The spousal unit's frat was kicked off campus for drugs after he left. And though I thought it was sad that some people ruined it for everyone else, I had to problem with the school's decision.
I don't hate frats and don't want them outlawed, but having personally witnessed the combination of these factors, I don't think they're "awesome" at all. I think some frats - the ones that actually have some standards - can be good for young men. My nephew was involved with one like that.
FWIW, I don't think much of sororities, either. I remember my mother in law talking about joining a sorority as a young woman, and try as I might, I couldn't see the attraction. Didn't join one in college, either.
People who want to shut down institutions every time someone screws up are not thinking. There's a real case, though, (IMO) for asking frats and sororities to be better supervised if they're on campus. If they're off campus, then I suppose all the school can do is refuse to recognize them.
I think that where human nature inclines us to dangerous or harmful things, it's especially helpful to have an institution to channel the satisfaction of those things. I was never even a little inclined to join a frat. My father was in a frat, though -- an agriculture-oriented one -- during his time in college. But that was mostly because he hated living in the dorms, and in those days only married students were allowed to live anywhere except the dorms or a fraternity.

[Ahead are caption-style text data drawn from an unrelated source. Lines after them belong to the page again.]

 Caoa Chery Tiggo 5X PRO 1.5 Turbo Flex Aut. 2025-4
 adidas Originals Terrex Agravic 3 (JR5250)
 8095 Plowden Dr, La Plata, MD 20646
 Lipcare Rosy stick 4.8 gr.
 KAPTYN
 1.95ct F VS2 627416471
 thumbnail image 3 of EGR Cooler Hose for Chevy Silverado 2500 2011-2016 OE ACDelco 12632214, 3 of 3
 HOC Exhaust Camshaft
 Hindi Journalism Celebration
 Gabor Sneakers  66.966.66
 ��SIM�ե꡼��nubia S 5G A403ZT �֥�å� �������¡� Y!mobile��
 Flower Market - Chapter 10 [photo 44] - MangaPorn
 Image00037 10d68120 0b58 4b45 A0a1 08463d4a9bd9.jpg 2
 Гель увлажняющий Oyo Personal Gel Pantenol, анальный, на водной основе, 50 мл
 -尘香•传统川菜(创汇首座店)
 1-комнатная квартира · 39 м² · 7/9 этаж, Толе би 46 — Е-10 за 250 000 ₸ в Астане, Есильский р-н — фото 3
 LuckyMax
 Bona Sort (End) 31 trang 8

So that probably colors my coming-into-the-piece sense that frats may have no real purpose anymore: nobody makes kids live in the dorm if they don't want to do now. But now that I've read her strenuous objections, I think perhaps this is better than leaving this subset of kids to go out and satisfy these dangers in public. The walls of the frat house may contain much that is best contained, and even if the supervision is highly dubious it is better than going through that phase without comrades who will provide some overwatch for your youthful passages through drink and danger.
If you were to ask any young man of the appropriate age to describe an "awesome" experience, it would probably involve drink, danger, and at least a tinge of debauchery.
Not so much alcohol in my class' case, although we did enjoy it. Our awesome experiences were epitomized by two things: one was the ongoing activity of bulldogging, from motorcycle back, the freight train that ran through campus; we wanted to be sober for the try. Never could get that sucker throwed over, though. The other was an event: we, as entering Freshmen, out-hazed our hazers to the point that hazing stopped for several years.
Our debauchery didn't need any sort of fraternity, either; we had neither frats nor sororities, and our school was early in the trend toward coed dorms. That lack, in fact, was an attraction of my school. I'd observed the frats at the U of Chicago that my brothers joined, and at the ripe old age of 12 found them idiotic and childish.
Now they're dangerous, even of the incidents still appear anecdotal rather than typical: the costs of those incidents has become too great.
Eric Hines
The testaments had some funny tricks they played on people who used alcohol and kept on accepting it from their enemies, which they didn't figure out until later.